Laboratoire de Biométrie et Biologie Évolutive UMR5558, Univ Lyon, Université Lyon 1, CNRS, F-69622 Villeurbanne, France.
Inria, Centre de Recherche de Lyon, F-69603 Villeurbanne, France.
Syst Biol. 2022 Aug 10;71(5):1147-1158. doi: 10.1093/sysbio/syac011.
Most species are extinct, those that are not are often unknown. Sequenced and sampled species are often a minority of known ones. Past evolutionary events involving horizontal gene flow, such as horizontal gene transfer, hybridization, introgression, and admixture, are therefore likely to involve "ghosts," that is extinct, unknown, or unsampled lineages.
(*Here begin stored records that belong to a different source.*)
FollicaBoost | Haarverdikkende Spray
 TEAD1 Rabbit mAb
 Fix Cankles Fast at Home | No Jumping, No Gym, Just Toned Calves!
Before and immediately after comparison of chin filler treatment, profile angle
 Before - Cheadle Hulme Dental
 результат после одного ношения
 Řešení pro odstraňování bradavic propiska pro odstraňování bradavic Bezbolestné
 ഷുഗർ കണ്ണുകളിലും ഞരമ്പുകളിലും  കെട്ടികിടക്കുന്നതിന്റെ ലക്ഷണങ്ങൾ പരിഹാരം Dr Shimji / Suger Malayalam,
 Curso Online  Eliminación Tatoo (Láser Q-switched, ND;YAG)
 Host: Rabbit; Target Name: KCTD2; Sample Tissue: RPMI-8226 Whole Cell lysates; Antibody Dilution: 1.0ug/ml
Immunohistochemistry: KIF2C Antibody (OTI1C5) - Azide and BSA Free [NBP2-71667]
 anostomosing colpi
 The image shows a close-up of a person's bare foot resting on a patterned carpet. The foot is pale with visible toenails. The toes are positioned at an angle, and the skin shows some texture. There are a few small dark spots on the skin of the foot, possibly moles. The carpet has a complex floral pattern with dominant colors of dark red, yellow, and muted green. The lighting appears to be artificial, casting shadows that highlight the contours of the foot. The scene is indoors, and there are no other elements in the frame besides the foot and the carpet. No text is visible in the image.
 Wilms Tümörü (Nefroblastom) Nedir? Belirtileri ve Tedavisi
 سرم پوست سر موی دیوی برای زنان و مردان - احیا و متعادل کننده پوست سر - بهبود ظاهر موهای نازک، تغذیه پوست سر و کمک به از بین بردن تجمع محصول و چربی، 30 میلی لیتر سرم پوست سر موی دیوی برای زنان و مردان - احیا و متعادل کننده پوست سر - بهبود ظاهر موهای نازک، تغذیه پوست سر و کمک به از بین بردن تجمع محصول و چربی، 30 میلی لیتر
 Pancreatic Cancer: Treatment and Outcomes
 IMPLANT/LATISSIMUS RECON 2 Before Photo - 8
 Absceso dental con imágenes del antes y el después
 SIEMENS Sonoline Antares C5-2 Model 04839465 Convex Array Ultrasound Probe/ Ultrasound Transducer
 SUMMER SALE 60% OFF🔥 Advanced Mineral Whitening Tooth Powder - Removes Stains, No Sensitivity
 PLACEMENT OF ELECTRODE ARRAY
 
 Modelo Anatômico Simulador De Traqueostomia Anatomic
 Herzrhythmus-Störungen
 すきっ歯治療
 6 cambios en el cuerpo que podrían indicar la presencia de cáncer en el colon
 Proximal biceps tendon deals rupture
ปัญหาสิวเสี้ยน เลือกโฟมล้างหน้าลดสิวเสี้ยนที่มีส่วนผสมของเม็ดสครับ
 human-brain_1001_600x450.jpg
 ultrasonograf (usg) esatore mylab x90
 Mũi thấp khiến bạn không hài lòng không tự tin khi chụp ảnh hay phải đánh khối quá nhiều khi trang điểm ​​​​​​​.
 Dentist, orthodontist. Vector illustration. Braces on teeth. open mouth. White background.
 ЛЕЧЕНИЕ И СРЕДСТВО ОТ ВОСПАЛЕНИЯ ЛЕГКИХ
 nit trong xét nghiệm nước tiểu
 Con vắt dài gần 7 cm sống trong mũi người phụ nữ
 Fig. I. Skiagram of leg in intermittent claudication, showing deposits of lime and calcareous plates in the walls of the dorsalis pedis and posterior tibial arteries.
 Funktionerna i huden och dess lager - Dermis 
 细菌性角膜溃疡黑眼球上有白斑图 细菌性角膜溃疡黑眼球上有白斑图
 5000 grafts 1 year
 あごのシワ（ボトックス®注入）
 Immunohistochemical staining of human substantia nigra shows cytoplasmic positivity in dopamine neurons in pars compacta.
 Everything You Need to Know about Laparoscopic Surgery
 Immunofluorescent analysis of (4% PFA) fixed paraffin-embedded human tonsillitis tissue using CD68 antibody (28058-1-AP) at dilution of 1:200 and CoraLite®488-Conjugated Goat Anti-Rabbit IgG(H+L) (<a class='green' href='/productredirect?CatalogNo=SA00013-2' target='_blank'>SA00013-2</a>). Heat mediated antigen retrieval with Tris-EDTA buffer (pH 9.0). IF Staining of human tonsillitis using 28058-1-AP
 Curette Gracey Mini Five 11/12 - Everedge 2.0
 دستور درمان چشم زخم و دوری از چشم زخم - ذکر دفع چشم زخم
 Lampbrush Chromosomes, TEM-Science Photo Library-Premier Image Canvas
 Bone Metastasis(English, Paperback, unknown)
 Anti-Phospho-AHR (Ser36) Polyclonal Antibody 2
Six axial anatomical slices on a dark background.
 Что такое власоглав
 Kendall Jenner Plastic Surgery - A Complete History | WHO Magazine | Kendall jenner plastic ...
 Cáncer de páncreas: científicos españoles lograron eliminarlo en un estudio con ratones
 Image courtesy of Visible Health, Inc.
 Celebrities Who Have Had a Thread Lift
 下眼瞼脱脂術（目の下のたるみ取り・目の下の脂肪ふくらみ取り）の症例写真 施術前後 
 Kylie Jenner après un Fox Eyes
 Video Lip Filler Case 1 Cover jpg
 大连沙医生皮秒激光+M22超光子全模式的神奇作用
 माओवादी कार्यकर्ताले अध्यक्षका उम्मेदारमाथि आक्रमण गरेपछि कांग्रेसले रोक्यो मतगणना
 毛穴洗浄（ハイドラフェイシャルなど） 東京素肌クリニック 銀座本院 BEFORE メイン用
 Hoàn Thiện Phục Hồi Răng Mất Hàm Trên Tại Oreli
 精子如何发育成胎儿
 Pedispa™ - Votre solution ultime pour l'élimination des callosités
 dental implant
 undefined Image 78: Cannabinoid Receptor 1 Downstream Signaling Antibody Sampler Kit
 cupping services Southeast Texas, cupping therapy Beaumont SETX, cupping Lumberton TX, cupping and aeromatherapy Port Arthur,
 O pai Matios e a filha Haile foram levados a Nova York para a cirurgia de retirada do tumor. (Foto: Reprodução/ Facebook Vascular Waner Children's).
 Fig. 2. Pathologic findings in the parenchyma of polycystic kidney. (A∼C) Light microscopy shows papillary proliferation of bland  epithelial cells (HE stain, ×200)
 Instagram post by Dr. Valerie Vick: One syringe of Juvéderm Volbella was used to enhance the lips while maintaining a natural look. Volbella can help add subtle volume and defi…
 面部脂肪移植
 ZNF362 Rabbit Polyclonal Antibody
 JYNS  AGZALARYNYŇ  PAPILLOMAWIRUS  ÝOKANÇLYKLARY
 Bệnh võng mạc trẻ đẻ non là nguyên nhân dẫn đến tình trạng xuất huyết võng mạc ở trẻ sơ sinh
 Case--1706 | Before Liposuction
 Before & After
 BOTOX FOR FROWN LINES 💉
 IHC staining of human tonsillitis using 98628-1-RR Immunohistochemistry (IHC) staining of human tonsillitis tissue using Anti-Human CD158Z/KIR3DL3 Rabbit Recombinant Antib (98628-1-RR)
The existence of these ghost lineages is widely acknowledged, but their possible impact on the detection of gene flow and on the identification of the species involved is largely overlooked. It is generally considered as a possible source of error that, with reasonable approximation, can be ignored. We explore the possible influence of absent species on an evolutionary study by quantifying the effect of ghost lineages on introgression as detected by the popular D-statistic method. We show from simulated data that under certain frequently encountered conditions, the donors and recipients of horizontal gene flow can be wrongly identified if ghost lineages are not taken into account. In particular, having a distant outgroup, which is usually recommended, leads to an increase in the error probability and to false interpretations in most cases. We conclude that introgression from ghost lineages should be systematically considered as an alternative possible, even probable, scenario. [ABBA-BABA; D-statistic; gene flow; ghost lineage; introgression; simulation.].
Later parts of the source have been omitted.